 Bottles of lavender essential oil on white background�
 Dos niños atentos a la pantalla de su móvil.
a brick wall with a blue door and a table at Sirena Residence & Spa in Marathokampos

* * *

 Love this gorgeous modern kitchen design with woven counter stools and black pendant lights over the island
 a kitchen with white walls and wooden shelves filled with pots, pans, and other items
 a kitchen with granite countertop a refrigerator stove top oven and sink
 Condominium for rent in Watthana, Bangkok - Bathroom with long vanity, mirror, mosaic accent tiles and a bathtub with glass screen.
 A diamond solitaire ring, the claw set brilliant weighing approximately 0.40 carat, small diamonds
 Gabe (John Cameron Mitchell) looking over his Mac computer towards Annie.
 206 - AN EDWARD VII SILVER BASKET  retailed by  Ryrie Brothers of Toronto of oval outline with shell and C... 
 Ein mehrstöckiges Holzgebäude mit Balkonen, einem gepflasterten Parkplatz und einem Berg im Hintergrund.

---

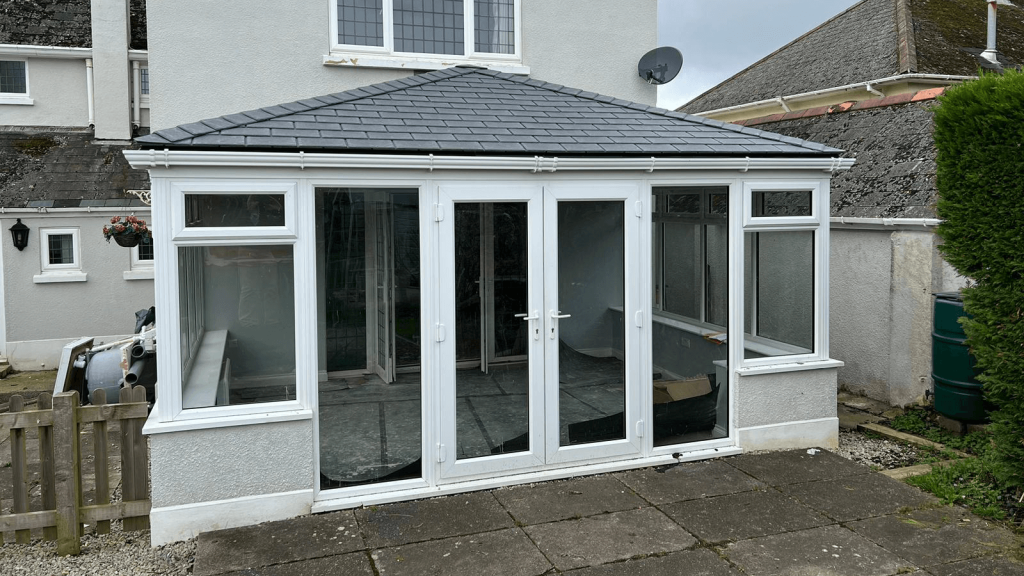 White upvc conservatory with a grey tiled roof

• YOUR ASSIGNMENT: Using the records above, copy every line that has the word "over" in it.

• REPLY TO THE TASK:
 Love this gorgeous modern kitchen design with woven counter stools and black pendant lights over the island
 Gabe (John Cameron Mitchell) looking over his Mac computer towards Annie.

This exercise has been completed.